ASSIGNMENT
Which lines of the data hold the word "National"? Copy all of them.

DATASET

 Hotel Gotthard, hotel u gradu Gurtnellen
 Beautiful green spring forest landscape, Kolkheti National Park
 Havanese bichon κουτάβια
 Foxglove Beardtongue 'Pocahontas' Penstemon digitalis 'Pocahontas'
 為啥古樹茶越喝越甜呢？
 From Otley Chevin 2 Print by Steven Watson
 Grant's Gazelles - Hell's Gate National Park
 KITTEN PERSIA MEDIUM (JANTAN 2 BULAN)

...

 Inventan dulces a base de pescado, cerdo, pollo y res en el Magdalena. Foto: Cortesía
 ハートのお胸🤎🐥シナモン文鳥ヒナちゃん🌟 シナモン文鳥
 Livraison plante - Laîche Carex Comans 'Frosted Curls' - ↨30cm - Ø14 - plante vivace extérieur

--

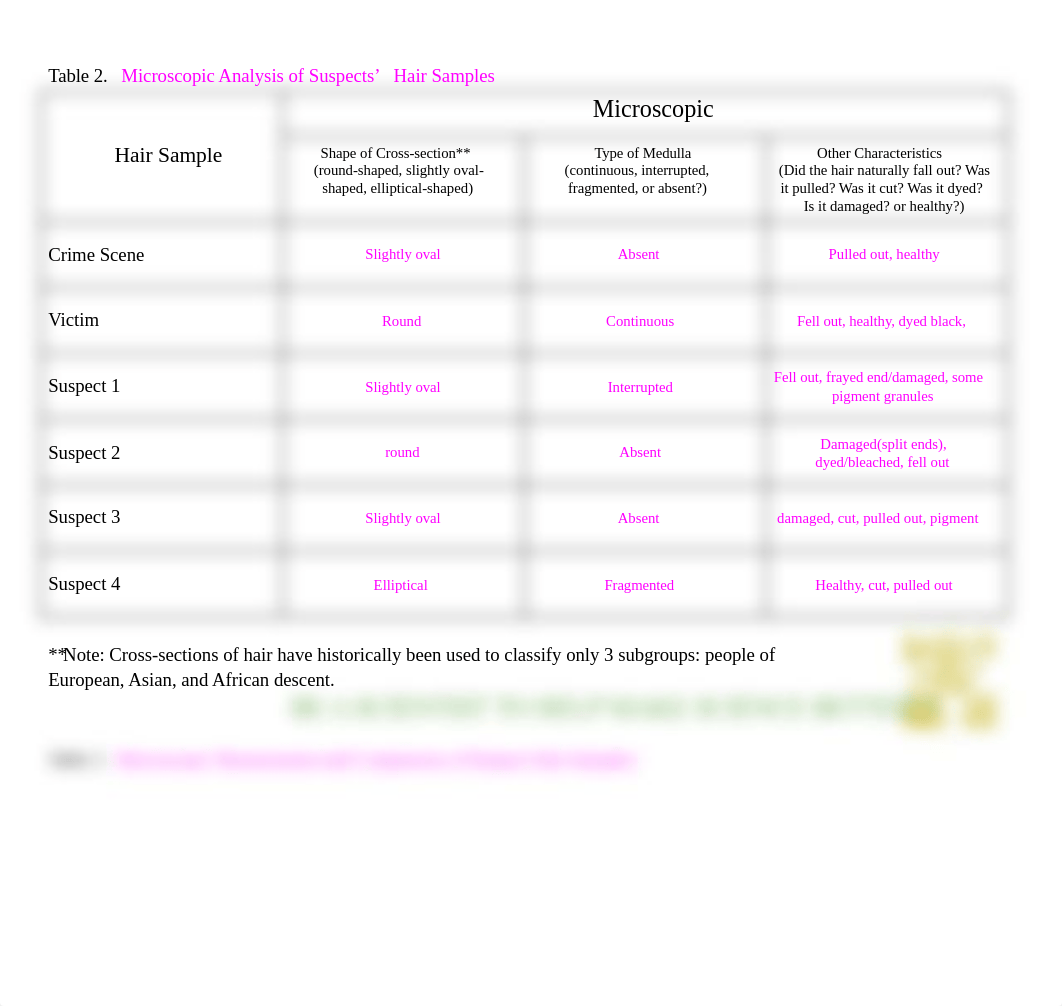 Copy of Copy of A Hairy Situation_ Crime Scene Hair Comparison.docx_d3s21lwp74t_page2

YOUR SOLUTION
 Beautiful green spring forest landscape, Kolkheti National Park
 Grant's Gazelles - Hell's Gate National Park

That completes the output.